Debt Review vs Debt Consolidation

Unfortunately with the current economic climate, many South Africans struggle to manage and repay their debt. Debt review and debt consolidation are options that may be considered to help ease the burden. Though it may sound like the same thing, there are differences between the two options.

Debt review or Debt Consolidation

Debt Review may also be called debt counselling and involves a professional debt counsellor who will asses your debt and income. The counsellor will then work out a structured repayment plan according to your unique needs. The counsellor will negotiate new repayment terms with credit providers, which will usually involve a smaller monthly payment but over a longer period, making your monthly obligations more manageable. It is important to note that your debt does not fall away.

In order to qualify for debt review, you must be employed and earning a consistent income, your debt must have originated in South Africa, If you are married in community of property, your spouse will have to agree to go under debt review too, and you must not be already sequestrated.

The advantage is that you will have a professional person to guide you in managing your debt and who will negotiate on your behalf, which may help you to feel less overwhelmed. While under debt review, the risk of creditors taking legal action against you, is also minimised. Your assets will also be protected from being repossessed by your creditors.

Some of the disadvantages of being under debt review are that you will not be able to incur any further credit – you will not be granted any loans and you will not be able to use any credit cards or store account cards. In addition to monthly repayments, you will also be liable for the debt counsellor’s fees. Your credit profile will also be flagged to note that you are under debt review.

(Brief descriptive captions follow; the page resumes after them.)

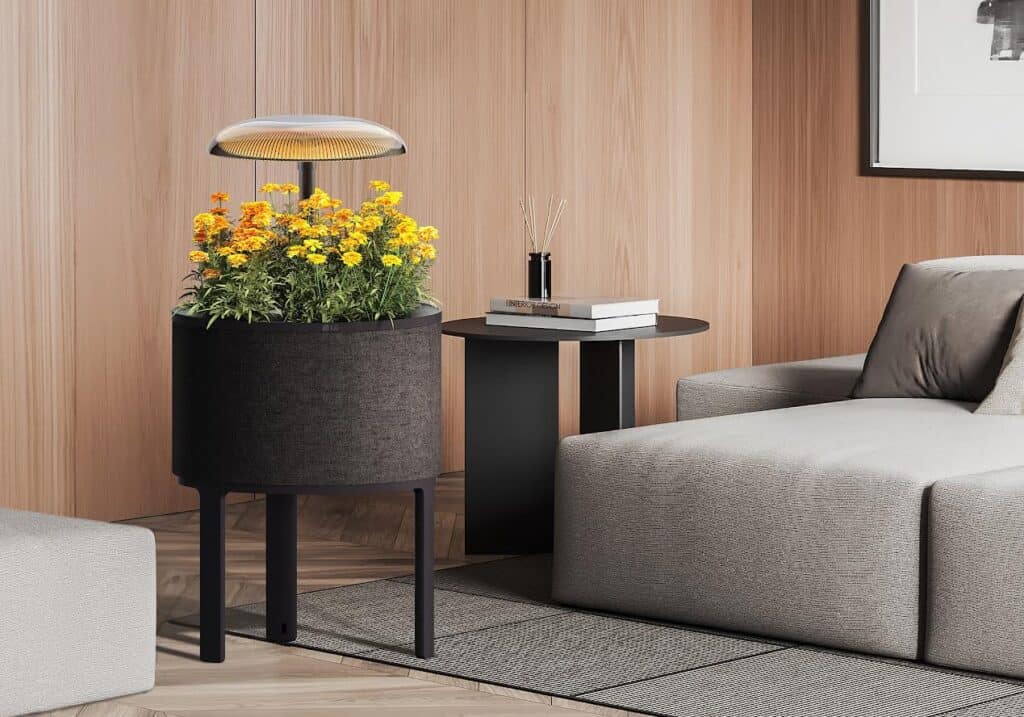  jardinería de interior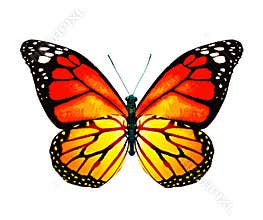 Color monarch butterfly , isolated on the white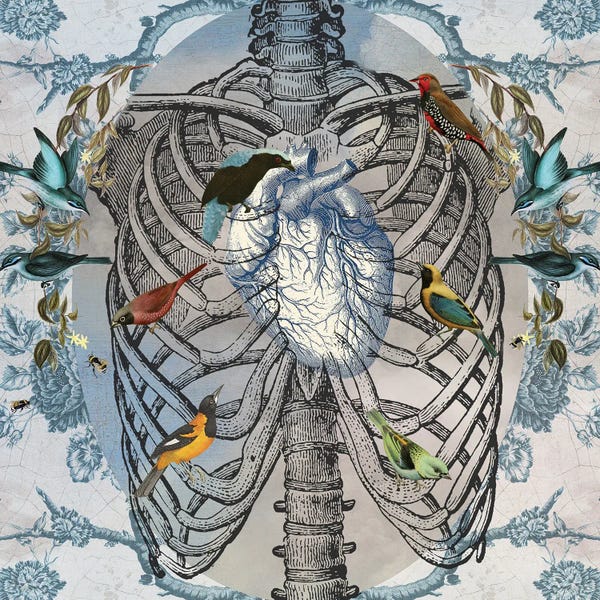 Skeletons: Pastoral by Amy Salomone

Debt consolidation may be an option if you struggle to stay on top of all your different debt repayments. This involves one new consolidation loan which will be used to settle all other debts, with only one repayment to be made to the credit provider of the consolidation loan. In other words, you will be doing away with multiple loans and agreements and will replace that with one agreement and one repayment.

Some advantages of consolidation are that it will be easier to manage your repayments as you will now only make one repayment to one credit provider instead of multiple payments to multiple credit providers. It is also possible that you may be granted a consolidation loan at a lower interest rate – if this is used to pay of loans with higher interest rates, you may save some money. You will also not pay any fees to debt counsellors.

Disadvantages are that there may be high initiation fees involved with the consolidation loan. Also, your debts will merely be combined and not necessarily reduced. The repayments on a consolidation loan may also be stretched over a long period, which means that the interest which accrues, may lead to a significant
expense.

As shown above, debt review and debt consolidation may be helpful tools when struggling to keep up with payments, but it is important to fully understand the process and consequences of the options available before choosing the best solution.